### Available data
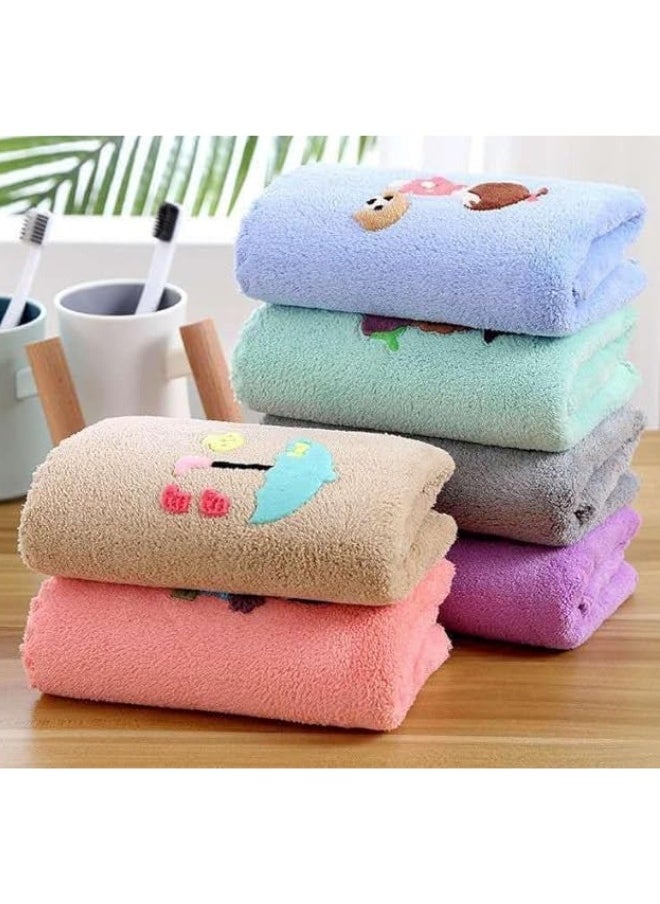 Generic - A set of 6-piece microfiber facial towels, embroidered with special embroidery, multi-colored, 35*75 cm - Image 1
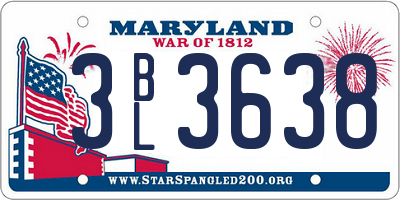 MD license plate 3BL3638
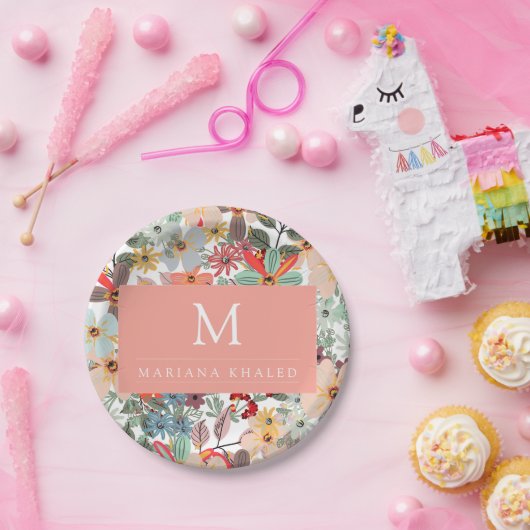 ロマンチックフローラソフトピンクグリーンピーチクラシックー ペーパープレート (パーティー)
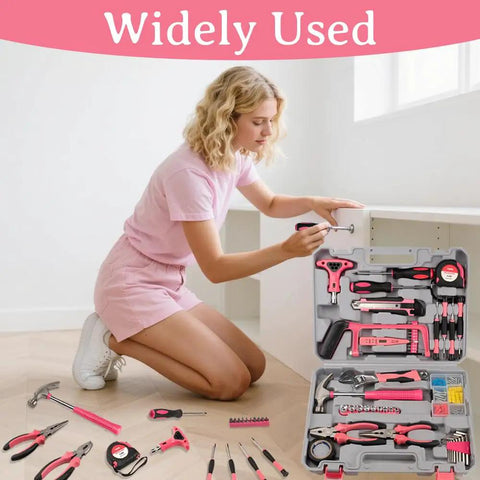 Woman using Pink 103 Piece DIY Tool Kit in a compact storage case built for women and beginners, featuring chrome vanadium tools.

---

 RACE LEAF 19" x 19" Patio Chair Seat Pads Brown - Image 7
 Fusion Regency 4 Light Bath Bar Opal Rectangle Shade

### Work instructions
Output exactly, and only, the lines of the entries above from the one with "ロマンチックフローラソフトピンクグリーンピーチクラシックー ペーパープレート (パーティー)" up to and including the one with "Woman using Pink"; pictures are to be left out.

### Finished exercise
 ロマンチックフローラソフトピンクグリーンピーチクラシックー ペーパープレート (パーティー)
 Woman using Pink 103 Piece DIY Tool Kit in a compact storage case built for women and beginners, featuring chrome vanadium tools.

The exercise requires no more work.